Was ist Diversion?

Mit der Änderung des Jugendgerichtsgesetzes 1990 (1. JGGÄndG) wurden die sogenannten Neuen Ambulanten Maßnahmen in den Sanktionskatalog des JGG aufgenommen. Grundlage dieser Gesetzesänderungen waren zwei elementare Erkenntnisse aus der kriminologischen Forschung.

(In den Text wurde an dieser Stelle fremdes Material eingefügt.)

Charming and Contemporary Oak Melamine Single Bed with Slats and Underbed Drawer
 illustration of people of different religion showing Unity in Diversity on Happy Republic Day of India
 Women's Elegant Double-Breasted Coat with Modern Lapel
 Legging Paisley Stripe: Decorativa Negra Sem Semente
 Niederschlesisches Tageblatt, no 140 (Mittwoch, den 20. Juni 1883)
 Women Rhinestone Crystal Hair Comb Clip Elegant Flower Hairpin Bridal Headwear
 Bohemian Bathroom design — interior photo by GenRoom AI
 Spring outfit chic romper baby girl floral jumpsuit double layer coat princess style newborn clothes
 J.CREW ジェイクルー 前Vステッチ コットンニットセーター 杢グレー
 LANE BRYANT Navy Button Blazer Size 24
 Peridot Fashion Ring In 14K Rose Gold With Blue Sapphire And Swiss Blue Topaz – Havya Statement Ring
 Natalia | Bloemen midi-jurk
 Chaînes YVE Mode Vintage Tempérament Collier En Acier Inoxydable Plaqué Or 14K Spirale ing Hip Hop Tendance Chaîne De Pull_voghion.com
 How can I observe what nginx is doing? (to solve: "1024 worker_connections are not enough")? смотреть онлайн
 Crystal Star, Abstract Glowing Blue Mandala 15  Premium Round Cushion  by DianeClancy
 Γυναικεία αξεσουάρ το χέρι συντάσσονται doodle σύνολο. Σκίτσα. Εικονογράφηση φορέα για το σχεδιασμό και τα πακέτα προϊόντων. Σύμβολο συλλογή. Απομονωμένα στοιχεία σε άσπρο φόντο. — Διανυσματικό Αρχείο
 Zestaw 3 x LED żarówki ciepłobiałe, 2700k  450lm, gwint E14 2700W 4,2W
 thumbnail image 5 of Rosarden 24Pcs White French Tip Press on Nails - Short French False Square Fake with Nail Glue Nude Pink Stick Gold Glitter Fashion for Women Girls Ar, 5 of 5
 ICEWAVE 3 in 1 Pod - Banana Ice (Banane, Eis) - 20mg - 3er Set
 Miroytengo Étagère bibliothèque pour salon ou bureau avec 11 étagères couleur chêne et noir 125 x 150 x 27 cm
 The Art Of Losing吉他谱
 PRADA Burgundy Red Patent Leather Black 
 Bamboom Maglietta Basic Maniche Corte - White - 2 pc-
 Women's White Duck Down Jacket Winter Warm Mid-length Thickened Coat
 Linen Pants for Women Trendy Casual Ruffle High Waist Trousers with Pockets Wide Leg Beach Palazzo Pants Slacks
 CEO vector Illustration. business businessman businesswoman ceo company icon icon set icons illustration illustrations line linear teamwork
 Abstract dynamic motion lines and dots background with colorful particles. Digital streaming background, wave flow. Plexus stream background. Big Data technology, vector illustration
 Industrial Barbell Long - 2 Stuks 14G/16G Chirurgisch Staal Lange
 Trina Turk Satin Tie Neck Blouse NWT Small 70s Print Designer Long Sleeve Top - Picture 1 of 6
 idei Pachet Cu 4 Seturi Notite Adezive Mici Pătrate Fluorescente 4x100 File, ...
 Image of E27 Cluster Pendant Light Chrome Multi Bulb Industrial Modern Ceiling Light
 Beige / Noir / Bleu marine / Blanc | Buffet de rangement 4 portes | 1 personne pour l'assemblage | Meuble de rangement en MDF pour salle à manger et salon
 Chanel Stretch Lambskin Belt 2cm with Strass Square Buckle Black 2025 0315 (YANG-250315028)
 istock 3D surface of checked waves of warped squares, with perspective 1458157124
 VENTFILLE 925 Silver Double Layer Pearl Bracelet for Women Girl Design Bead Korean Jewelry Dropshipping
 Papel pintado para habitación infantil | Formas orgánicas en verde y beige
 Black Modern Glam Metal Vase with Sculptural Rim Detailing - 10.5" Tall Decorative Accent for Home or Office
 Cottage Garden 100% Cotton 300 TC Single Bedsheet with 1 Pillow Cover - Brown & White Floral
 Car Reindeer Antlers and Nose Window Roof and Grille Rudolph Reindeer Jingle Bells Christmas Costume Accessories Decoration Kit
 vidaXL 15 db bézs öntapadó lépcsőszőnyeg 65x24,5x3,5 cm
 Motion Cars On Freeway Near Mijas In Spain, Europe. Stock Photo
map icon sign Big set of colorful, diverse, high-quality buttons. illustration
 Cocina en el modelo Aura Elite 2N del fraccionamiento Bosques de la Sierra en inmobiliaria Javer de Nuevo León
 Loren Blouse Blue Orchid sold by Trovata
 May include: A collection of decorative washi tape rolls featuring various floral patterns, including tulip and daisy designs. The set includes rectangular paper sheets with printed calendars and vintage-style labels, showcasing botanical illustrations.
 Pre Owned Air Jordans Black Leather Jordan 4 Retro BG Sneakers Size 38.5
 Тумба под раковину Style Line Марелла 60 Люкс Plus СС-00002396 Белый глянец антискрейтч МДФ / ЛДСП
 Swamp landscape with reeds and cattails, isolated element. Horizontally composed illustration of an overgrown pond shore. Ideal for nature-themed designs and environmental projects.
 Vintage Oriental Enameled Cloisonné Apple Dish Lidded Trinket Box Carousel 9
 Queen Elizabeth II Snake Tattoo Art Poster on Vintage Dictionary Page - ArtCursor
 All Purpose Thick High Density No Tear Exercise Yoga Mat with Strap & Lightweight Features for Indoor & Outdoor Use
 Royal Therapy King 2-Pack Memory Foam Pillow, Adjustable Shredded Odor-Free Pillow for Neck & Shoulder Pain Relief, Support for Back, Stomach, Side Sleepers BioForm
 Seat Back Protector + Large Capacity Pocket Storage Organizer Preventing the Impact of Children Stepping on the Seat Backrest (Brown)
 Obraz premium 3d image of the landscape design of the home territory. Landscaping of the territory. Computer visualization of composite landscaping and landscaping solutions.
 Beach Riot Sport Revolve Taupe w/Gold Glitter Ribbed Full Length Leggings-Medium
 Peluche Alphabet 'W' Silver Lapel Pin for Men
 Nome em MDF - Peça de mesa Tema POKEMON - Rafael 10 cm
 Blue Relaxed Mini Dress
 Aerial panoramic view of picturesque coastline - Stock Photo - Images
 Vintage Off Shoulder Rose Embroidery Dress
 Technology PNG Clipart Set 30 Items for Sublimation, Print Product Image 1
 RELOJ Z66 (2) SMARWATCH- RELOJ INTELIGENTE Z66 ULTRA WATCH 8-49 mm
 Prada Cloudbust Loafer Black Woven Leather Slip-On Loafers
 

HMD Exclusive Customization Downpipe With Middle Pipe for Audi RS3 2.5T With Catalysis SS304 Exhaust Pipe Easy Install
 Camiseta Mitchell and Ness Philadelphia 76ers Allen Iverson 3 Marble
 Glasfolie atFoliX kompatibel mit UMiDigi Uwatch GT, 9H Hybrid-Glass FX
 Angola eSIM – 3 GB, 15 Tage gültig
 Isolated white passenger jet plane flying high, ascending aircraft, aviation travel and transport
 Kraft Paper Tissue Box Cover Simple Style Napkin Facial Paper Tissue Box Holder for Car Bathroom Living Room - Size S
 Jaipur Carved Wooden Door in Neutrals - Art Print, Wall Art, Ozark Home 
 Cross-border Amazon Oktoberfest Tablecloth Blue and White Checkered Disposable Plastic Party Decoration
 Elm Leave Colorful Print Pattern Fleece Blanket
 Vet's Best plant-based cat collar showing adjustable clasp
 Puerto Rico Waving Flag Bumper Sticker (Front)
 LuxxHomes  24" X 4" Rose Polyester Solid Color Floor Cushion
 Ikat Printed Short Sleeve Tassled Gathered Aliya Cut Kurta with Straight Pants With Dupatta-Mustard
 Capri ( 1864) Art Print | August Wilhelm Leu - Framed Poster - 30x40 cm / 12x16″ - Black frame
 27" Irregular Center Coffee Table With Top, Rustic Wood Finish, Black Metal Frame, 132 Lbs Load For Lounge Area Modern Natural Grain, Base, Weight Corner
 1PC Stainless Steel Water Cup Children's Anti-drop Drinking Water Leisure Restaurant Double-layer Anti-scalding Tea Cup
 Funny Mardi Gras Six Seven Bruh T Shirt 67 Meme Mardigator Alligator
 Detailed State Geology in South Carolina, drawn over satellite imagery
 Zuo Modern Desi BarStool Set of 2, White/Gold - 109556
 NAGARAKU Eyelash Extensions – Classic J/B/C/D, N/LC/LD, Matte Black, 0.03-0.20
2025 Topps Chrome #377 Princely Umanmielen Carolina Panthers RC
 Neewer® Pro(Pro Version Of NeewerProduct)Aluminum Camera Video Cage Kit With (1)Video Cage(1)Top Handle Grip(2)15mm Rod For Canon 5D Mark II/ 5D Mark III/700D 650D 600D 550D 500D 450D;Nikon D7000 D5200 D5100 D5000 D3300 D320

Jugenddelinquenz ist normal, allgegenwärtig und episodenhaft

Die Mehrheit aller befragten männlichen und weiblichen Jugendlichen gibt in Dunkelfeldstudien an, schon mehrmals strafbare Handlungen im Sinne des StGB begangen zu haben. Verstöße gegen Rechtsnormen sind Ausdruck des jugendspezifischen Aufbegehrens gegen Normen und Werte der Erwachsenen und insofern ein normaler Bestandteil des Reifeprozesses im Jugendalter. Jugenddelinquenz lässt sich in allen gesellschaftlichen Gruppen unabhängig von Schichtzugehörigkeit und ethnischer Herkunft feststellen. In den allermeisten Fällen ist das delinquente Verhalten eine vorübergehende Erscheinung. Die meisten der im Jugendalter strafrechtlich erfassten Personen werden nach Abschluss des jugendlichen Reifeprozesses nicht mehr rückfällig.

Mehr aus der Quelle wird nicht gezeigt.